The Seven Tubs Nature area is the highlight of this part of the trail. It covers more than 500 acres, with its most distinctive natural feature being the tubs. These “potholes” were formed by flowing glacial waters over 12,000 years ago. Rare birds, mammals and more than 60 types of wildflowers abound in this area.
The terrain is easy to navigate, and is excellent for the budding outdoorsman – dog and human alike. There are even wheelchair accessible areas along the trail. Some parts of the trail can be hilly and loose moss and rocks can make some areas a bit dangerous, so use some caution in order to avoid losing your footing.
Mountaintop – White Haven
This area, known locally as the Black Diamond Trail, is completed with only a small gap in the trail at Glen Summit due to private property. This 13-mile gently-sloped trail follows an abandoned rail line through an area bursting with bogs, ponds and large trees. The trailhead is wheelchair accessible.
The ground is made of crushed stone, so make sure to have strong mountain bike tires if you ride, and be sure to carry a first aid kit – for both you and Fido. You will pass Moosehead Lake and walk through State Game Lands. Along the way, Recycled Bridge will take you across two active rail lines, so be aware of this if your dog tends to be scared of loud noises.
White Haven – Rockport
This very short section of the trail passes through the streets of White Haven. Down on Main Street, there is a completely restored Union Pacific caboose complete with railroad memorabilia. While in town, visit a local restaurant or shop to load up on supplies, and get a quick snack for you and your pet.
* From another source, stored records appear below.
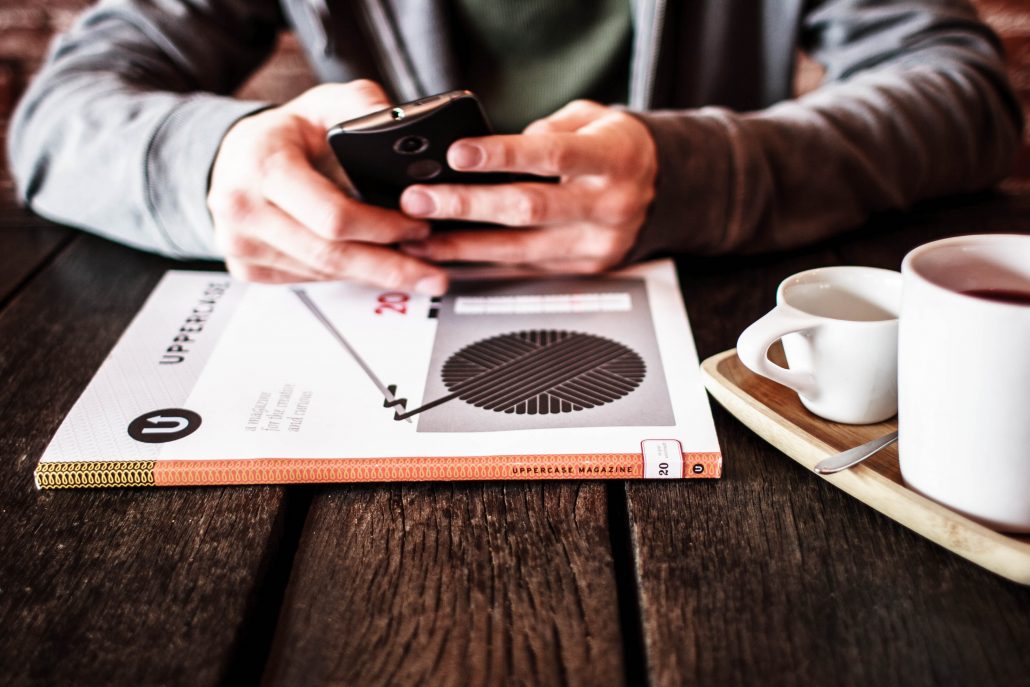 Person holding phone at table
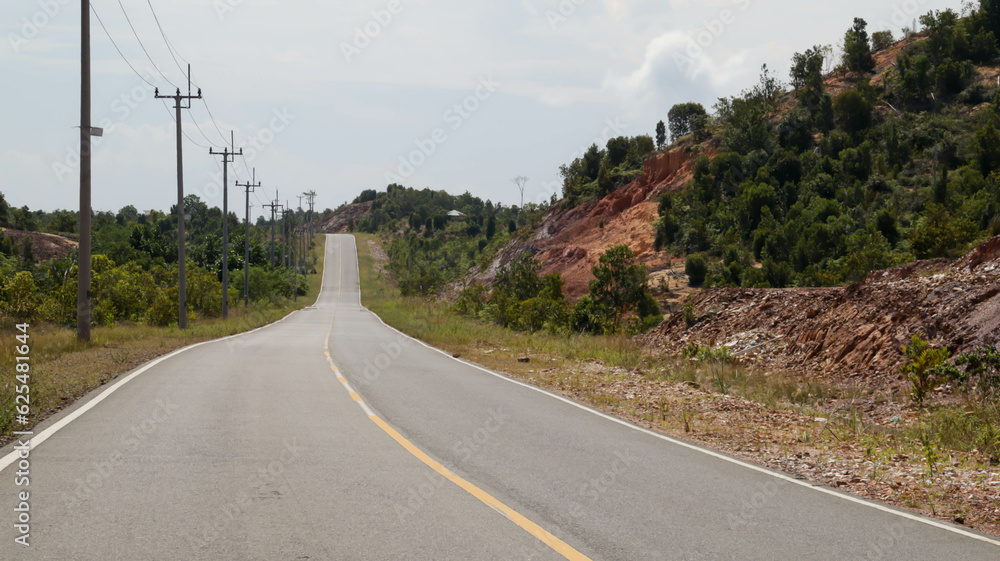 Beautiful open road or country road in Indonesia with green tree on the left and right. Pavement long road country side. Beautiful open road or country road in Indonesia with green tree on the left and right. Pavement long road country side.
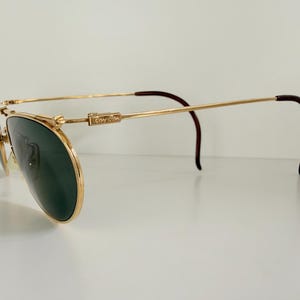 K&ouml;nnte beinhalten: Goldfarbene Ray-Ban Aviator-Sonnenbrille mit dunkelgr&uuml;nen Gl&auml;sern. Die Fassungen haben ein klassisches Doppelsteg-Design und braune B&uuml;gelenden. Das Ray-Ban-Logo ist auf dem B&uuml;gel zu sehen. Ein stilvolles Accessoire zum Schutz der Augen.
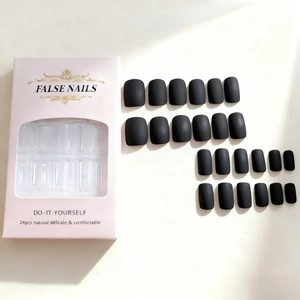 Matte black short square press-on nails set with 24 pieces in a pink window box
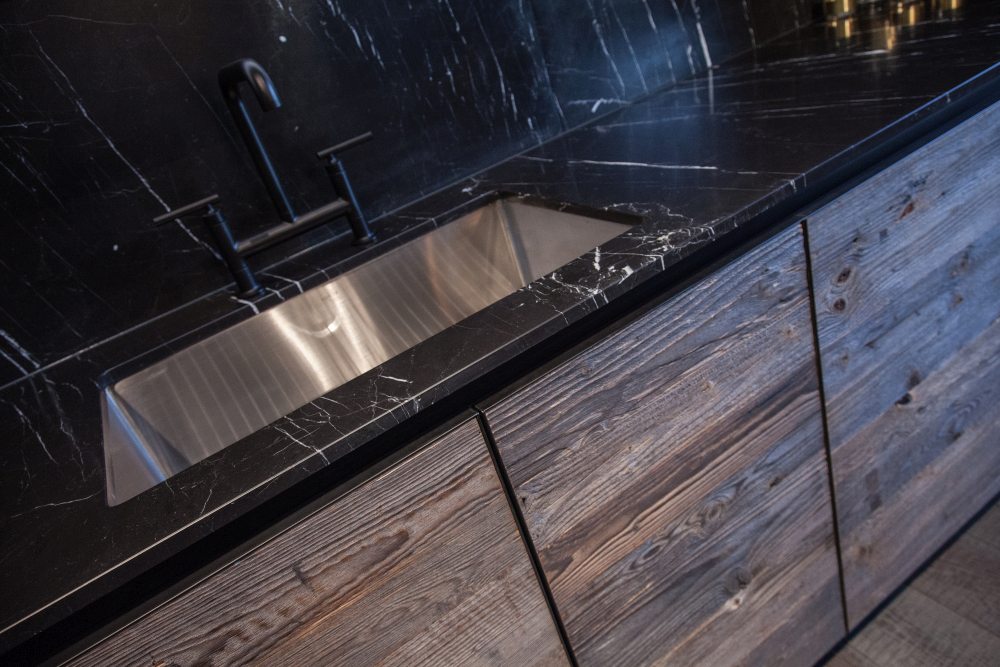 Modern kitchen design featuring black marble and unfinished wood for doors two different materials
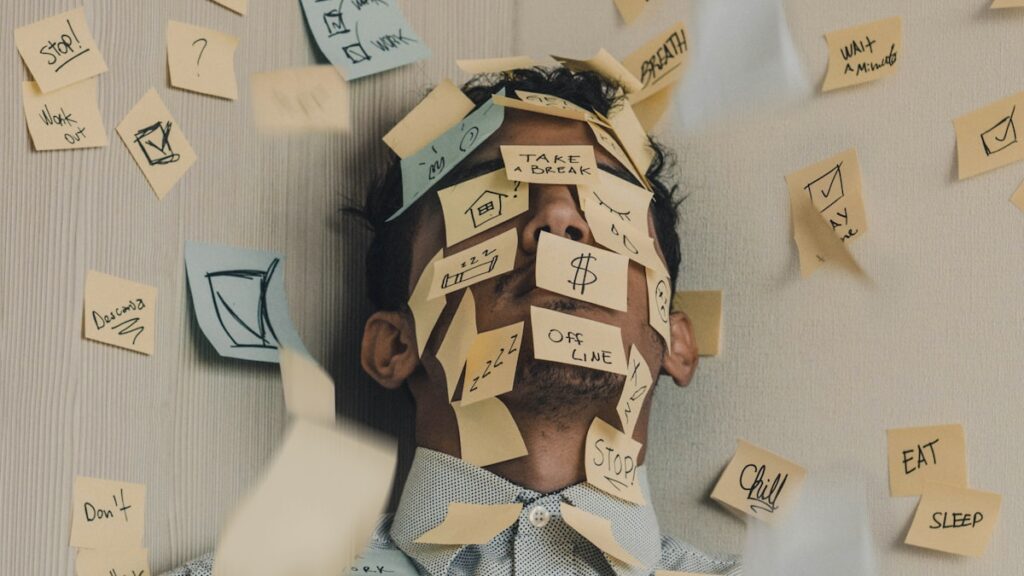 Person overwhelmed by too many tools and notifications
If you need a break from hiking, consider taking a ride along Audubon’s Lehigh Driving Tour. You can purchase a CD or MP3 audio tour to enhance your trip. Follow the 53-mile route of John James Audubon’s 1829 visit to the region, where he studied countless birds and other wildlife species. You will pass through historic towns, and enjoy interesting geological features along the way, while Fido sticks his head out of the passenger window.
If you prefer to continue with your outdoor activities, follow the trail to Lehigh Gorge State Park. This park covers more than 4000 acres, with an 800-foot high gorge being the highlight of its natural features. You and your dog will enjoy waterfalls as well as the easy 26-mile long rail-trail biking path that slopes downhill towards Jim Thorpe. If you don’t want to walk the entire 26 miles south to Jim Thorpe, you can access this park from Rockport, and cut your hiking distance down to 15 miles.